Mehmet Demirkol’un yazısında bir nokta daha var dikkatimi çeken, daha doğrusu olmayan bir nokta bu. Bu sonuca varılmasını sağlayan sebepleri sıralarken, medyadan bahsetmeyi unutmuş.Erman Hoca’yı acınası bir figür haline dönüştüren medyadan ve onu yönetenlerden…
Şimdi siz Erman Hoca’nın yorum yaparken Şansal Büyüka yörüngesinden çıkabileceğini mi zannediyorsunuz. Çok yanılırsınız. Sanıyor musunuz ki, Şansal Büyüka’nın etkisi haricinde dört işareti yaptı, Kazım’ın alması gereken cezayı işaret ederken. İşte yönetmekten kasıt budur. Hıncal Uluç muhteremi yazmıyorum artık çünkü ciddiye alan kalmadı kendisini. Müritleri hariç tabi…


Peki, ne oldu şimdi? Erman Hoca’nın gönderilmesi gündemde…Sizce neyi değiştirir bu, enstrümanını değiştiren müzisyen gibi olmaz mı?Nefesli çalgıdan, yaylı çalgıya geçiş olmaz mı?Ve neyi değiştirir, müzisyen aynı yeteneksizlikte olduktan sonra.

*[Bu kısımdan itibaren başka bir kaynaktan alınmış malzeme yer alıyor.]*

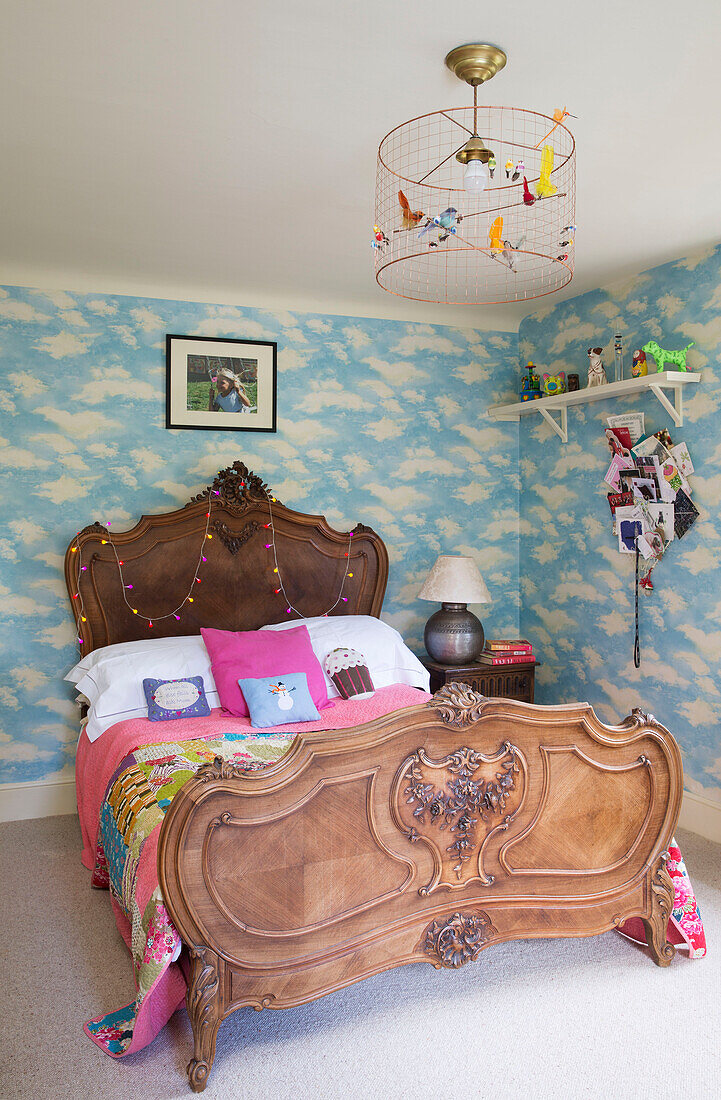 Carved wooden bed with cloud patterned wallpaper in Gloucestershire home England UK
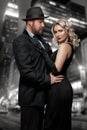 Film noir. Detective man in a raincoat and hat and a dangerous woman with red lips in black dress. Couple stands against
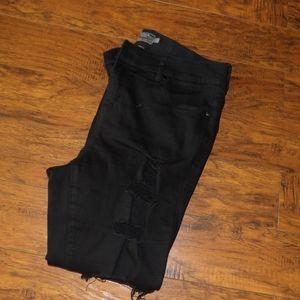 Torrid jeans-waist band is stretchy. Worn only a couple of time
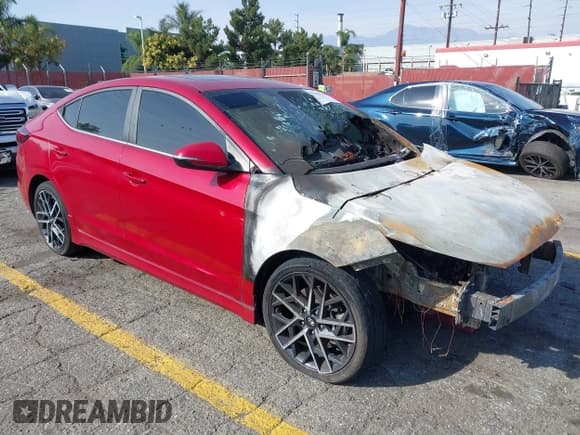 ✅ 2019 Hyundai Elantra Sport • VIN: KMHD04LB1KU860759 • Lot: 43603334. Listed on IAAI with Not provided. Free auction sales archive from the USA and detailed vehicle history report at DreamBid. Image 1.
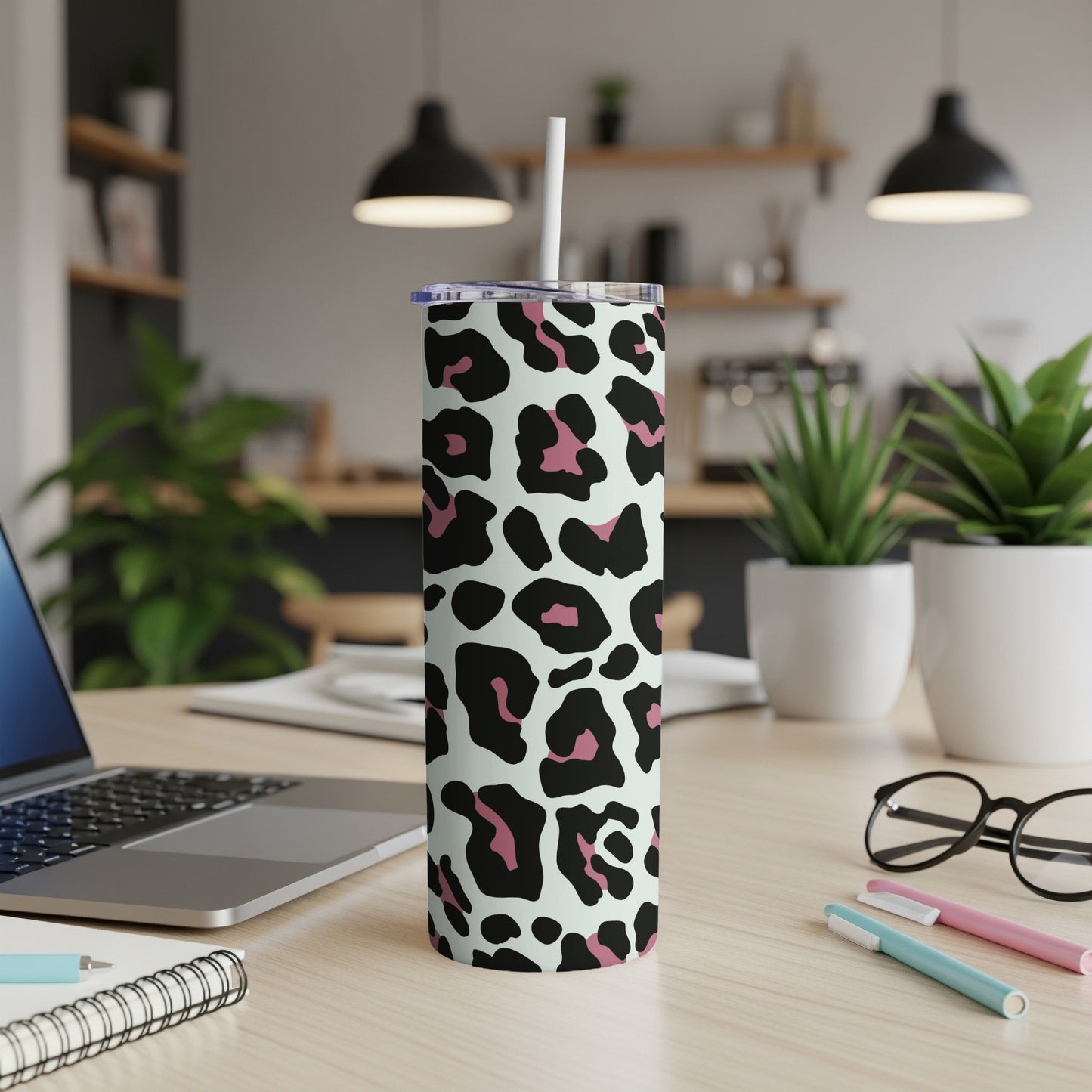 Leopard print insulated tumbler with straw on a desk.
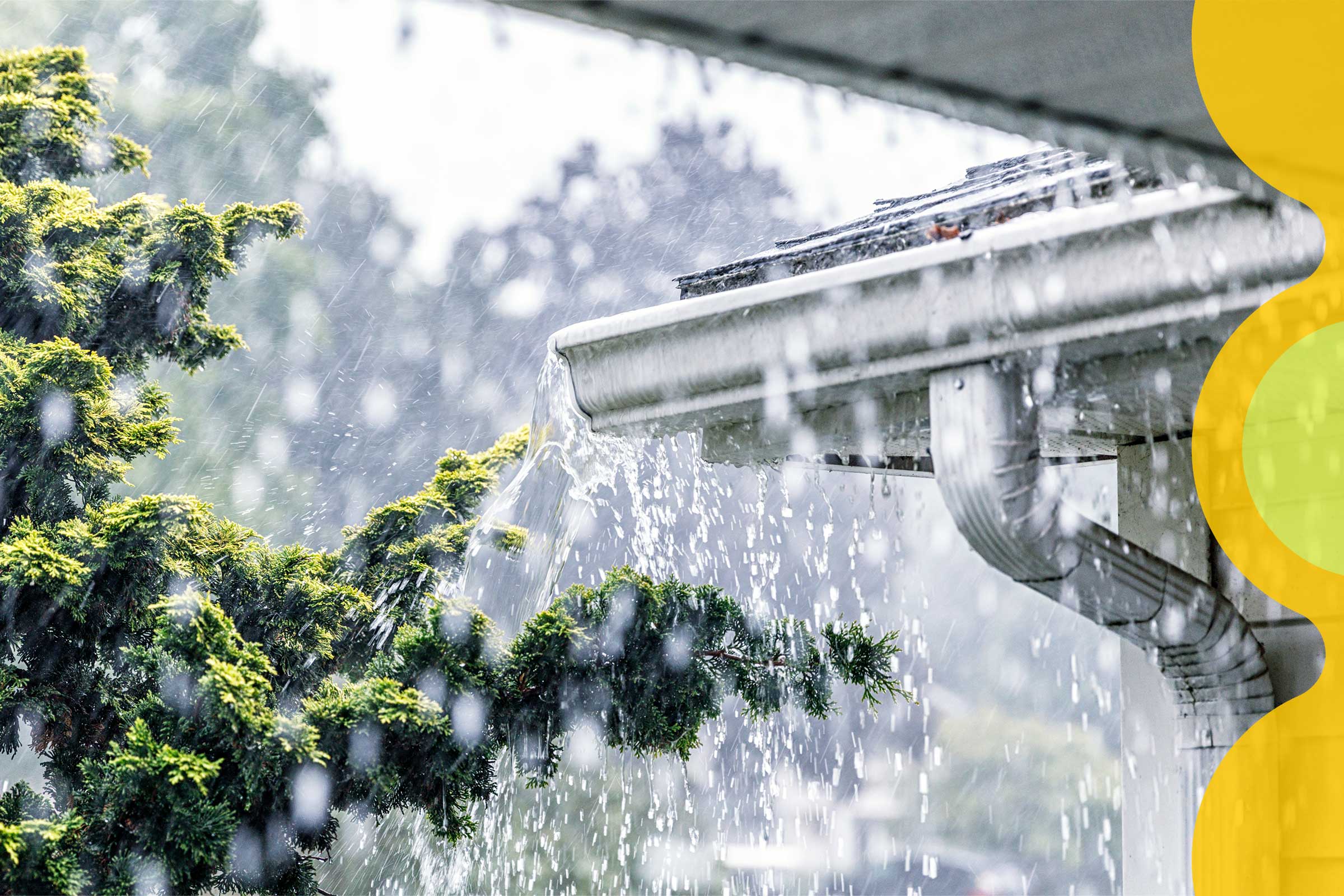 Torrential rains pour off of a roof, overflowing the rain gutter.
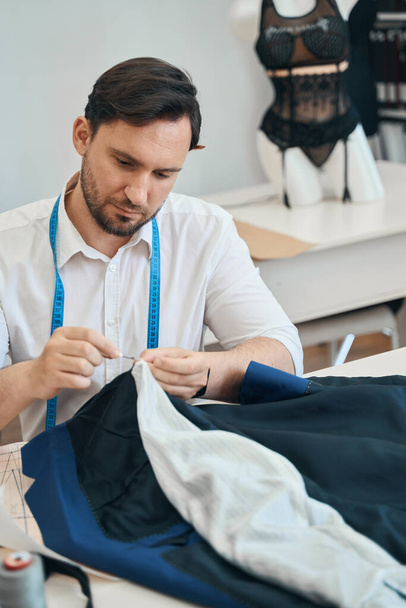 Mannelijke naaister zit aan tafel en gebruikt naald en draad voor het naaien van handgemaakte jas - Foto, afbeelding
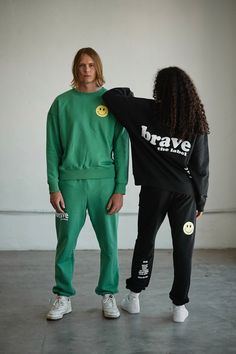 Designed to inspire your inner bravery, our OG graphic sweatpants have two side pockets, an interior adjustable drawstring, and a relaxed fit. GRAPHICS Front: 'Brave the Label' logo puff paint graphic Back: 'Smiley Face' graphic Back: 'We Are' puff paint graphic - "We are Resilient, Fearless, Daring, Day Dreamers, Reform Seekers, Human Beings. Brave the Label". COLORWAYSAvailable in Jet Black + Lucky Green MATERIALSOur sweatpants are made from 100% premium cotton. Made in Los Angeles from a soft Sweatpants Outfit Photoshoot, Sweatpants Design Ideas, Fashion Product Photography Clothing, Boxer Photoshoot, Clothing Line Photoshoot Ideas, Designer Brand Photoshoot, Hoodie Photoshoot Ideas, Clothing Brand Shoot Ideas, Merch Photoshoot Ideas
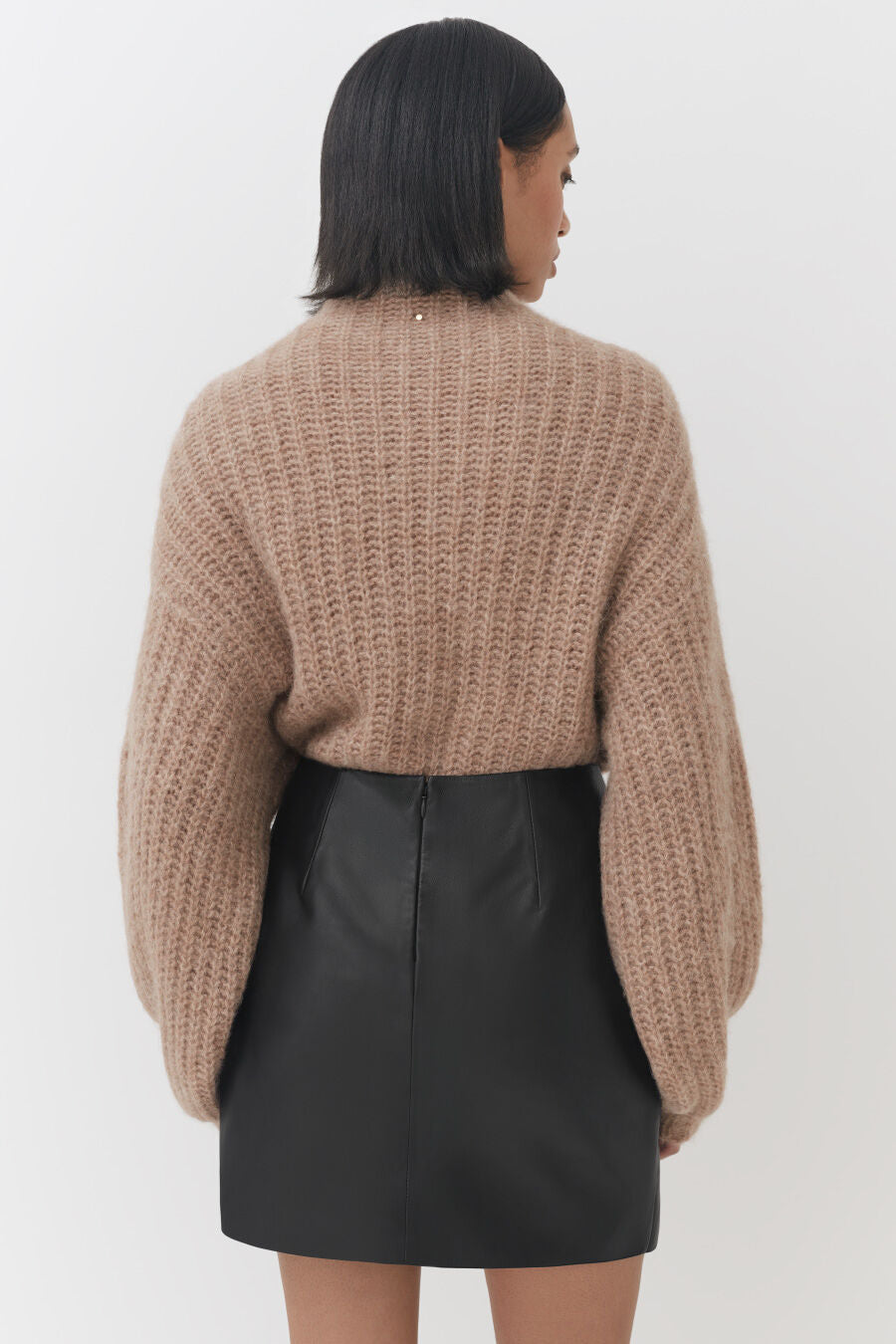 Woman wearing a sweater and skirt, viewed from behind.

Değişmez elbette diye düşünürken bir de baktık ki, bu kez de Şansal Büyüka’nın istifası geldi gündeme. Erman Hoca yoksa ben de yokum demeye getiriyor. Omurgalı bir duruş sergilediğini göstermeye çalışıyor. Kendi tabiriyle “kuyruğu dik tutmaya” çabalıyor. Ve bunu medyaya servis ediyor. Gerçekten dik bir duruş sergiledi, denilsin istiyor.


Sonucu ne olur bilemiyorum. Artık istifa mı eder, kalıp intikam almayı mı seçer yoksa sistemin içinde kaybolup mu gider, bilmiyorum. Ama yıllardır takip ettiğim kadarıyla o kadar parayı kolay kolay bırakıp gitmez gibi geliyor bana, bir süre direnecektir. Üstelik soğuk bir yemek de yemek isteyecektir. Ancak yolun sonu gözüktü bazıları için, diğerlerini sizler de biliyorsunuz zaten. Geride bırakacakları tek tehlike müritleri olacak gibi duruyor.


Önceki haftanın maç sonuçlarını bile bilmeyen bir müdür için fazlasıyla işgal etti Türk Futbolunu. Beylik lafları da buydu değil mi? “Türk Futbolu”

Yıllarca yöneticilerden şikâyet etti durdu medya. Onlar yavaş yavaş değişti. Ama medya gittikçe daha da yozlaştı ve bunun sorumlusu da tarikat ve cemaat zihniyetli baronlar, şeyhler, şıhlar. Şimdiler de o yozlaşmış medyanın içinden de akil adamlar çıkmaya başladı. Ve galiba bir dönemin sonuna geldik.


Umarım keyifle izlemeye devam ederiz.


Ha unutmadan, Denizli maçından sonra Fenerbahçe’nin şampiyonluğunu çaldılar diyen Erman Toroğlu, yayına çıkınca unutmuştu söylediklerini. Yukarıda yazdıklarımıza bakınca şaşıracak bir durum yok bunda. Ama benim aklıma başka şeyler gelmeye başladı yazdıkça.
Ya Şansal Büyüka, Erman Hocayla ters düşmek istemiyorsa ve bunun için haklı sebepleri varsa. Olur ya, belki de kızıp konuşmasından korkuyordur Erman Hoca’nın. Olamaz mı?